Dataset entries section start

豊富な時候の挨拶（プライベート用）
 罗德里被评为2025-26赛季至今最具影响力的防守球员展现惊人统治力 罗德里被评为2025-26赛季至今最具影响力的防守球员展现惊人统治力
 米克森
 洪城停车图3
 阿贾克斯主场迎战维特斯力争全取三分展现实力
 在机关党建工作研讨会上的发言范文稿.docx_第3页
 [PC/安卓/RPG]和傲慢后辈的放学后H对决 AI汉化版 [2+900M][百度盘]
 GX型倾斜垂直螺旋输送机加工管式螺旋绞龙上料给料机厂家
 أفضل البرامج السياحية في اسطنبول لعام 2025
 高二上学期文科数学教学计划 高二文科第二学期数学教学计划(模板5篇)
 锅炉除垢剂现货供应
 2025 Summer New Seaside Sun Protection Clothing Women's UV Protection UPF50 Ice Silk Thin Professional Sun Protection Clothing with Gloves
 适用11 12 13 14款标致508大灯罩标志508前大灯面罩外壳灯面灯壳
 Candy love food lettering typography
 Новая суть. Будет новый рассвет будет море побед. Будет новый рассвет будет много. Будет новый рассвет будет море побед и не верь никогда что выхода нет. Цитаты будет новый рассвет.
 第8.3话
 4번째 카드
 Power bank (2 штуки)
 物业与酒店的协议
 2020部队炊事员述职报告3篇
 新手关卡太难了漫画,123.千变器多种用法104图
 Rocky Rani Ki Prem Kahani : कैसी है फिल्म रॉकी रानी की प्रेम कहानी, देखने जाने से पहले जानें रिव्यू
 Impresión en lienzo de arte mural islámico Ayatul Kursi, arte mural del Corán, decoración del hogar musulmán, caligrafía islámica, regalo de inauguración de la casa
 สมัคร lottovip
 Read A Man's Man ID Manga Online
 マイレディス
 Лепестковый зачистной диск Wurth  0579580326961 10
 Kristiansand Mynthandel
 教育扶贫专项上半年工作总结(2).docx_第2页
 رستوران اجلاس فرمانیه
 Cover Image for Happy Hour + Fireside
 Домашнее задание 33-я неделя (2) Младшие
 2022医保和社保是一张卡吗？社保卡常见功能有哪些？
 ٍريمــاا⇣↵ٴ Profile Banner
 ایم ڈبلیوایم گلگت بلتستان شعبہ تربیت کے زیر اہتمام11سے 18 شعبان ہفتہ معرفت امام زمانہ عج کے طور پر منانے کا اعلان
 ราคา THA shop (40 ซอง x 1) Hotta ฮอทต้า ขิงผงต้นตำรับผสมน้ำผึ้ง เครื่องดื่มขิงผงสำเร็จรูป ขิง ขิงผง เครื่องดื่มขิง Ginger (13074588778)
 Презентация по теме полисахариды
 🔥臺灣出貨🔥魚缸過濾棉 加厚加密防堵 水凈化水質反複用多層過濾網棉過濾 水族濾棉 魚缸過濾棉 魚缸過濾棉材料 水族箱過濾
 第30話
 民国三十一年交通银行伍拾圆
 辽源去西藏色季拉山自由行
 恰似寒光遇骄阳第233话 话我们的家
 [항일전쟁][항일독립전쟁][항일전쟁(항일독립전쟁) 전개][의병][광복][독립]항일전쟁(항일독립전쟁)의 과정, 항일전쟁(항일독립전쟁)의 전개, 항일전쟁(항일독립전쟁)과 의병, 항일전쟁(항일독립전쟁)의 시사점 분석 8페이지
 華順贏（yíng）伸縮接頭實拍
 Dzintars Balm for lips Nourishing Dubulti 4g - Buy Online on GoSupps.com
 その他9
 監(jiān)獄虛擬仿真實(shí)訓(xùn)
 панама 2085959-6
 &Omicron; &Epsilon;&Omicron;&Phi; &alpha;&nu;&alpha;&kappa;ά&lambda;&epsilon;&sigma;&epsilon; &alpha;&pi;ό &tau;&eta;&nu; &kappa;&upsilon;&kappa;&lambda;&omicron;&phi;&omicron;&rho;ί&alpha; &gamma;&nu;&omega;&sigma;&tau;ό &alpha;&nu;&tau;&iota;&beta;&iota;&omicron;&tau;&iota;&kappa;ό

Dataset entries section end

Brief
From the line holding "Kristiansand Mynthandel" to the line holding "華順贏（yíng）伸縮接頭實拍", inclusive, restate each line above exactly as written.

Result for this exercise
 Kristiansand Mynthandel
 教育扶贫专项上半年工作总结(2).docx_第2页
 رستوران اجلاس فرمانیه
 Cover Image for Happy Hour + Fireside
 Домашнее задание 33-я неделя (2) Младшие
 2022医保和社保是一张卡吗？社保卡常见功能有哪些？
 ٍريمــاا⇣↵ٴ Profile Banner
 ایم ڈبلیوایم گلگت بلتستان شعبہ تربیت کے زیر اہتمام11سے 18 شعبان ہفتہ معرفت امام زمانہ عج کے طور پر منانے کا اعلان
 ราคา THA shop (40 ซอง x 1) Hotta ฮอทต้า ขิงผงต้นตำรับผสมน้ำผึ้ง เครื่องดื่มขิงผงสำเร็จรูป ขิง ขิงผง เครื่องดื่มขิง Ginger (13074588778)
 Презентация по теме полисахариды
 🔥臺灣出貨🔥魚缸過濾棉 加厚加密防堵 水凈化水質反複用多層過濾網棉過濾 水族濾棉 魚缸過濾棉 魚缸過濾棉材料 水族箱過濾
 第30話
 民国三十一年交通银行伍拾圆
 辽源去西藏色季拉山自由行
 恰似寒光遇骄阳第233话 话我们的家
 [항일전쟁][항일독립전쟁][항일전쟁(항일독립전쟁) 전개][의병][광복][독립]항일전쟁(항일독립전쟁)의 과정, 항일전쟁(항일독립전쟁)의 전개, 항일전쟁(항일독립전쟁)과 의병, 항일전쟁(항일독립전쟁)의 시사점 분석 8페이지
 華順贏（yíng）伸縮接頭實拍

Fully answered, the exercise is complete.